▸ Required work:
Repeat the data below word for word.

▸ Data extract:
*** Begin section ***
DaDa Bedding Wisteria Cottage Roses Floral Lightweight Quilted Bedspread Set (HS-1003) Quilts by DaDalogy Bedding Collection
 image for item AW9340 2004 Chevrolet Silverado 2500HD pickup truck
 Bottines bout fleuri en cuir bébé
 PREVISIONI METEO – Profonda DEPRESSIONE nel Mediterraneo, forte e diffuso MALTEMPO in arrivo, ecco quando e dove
*** End section ***
▸ Result of the task:
DaDa Bedding Wisteria Cottage Roses Floral Lightweight Quilted Bedspread Set (HS-1003) Quilts by DaDalogy Bedding Collection
 image for item AW9340 2004 Chevrolet Silverado 2500HD pickup truck
 Bottines bout fleuri en cuir bébé
 PREVISIONI METEO – Profonda DEPRESSIONE nel Mediterraneo, forte e diffuso MALTEMPO in arrivo, ecco quando e dove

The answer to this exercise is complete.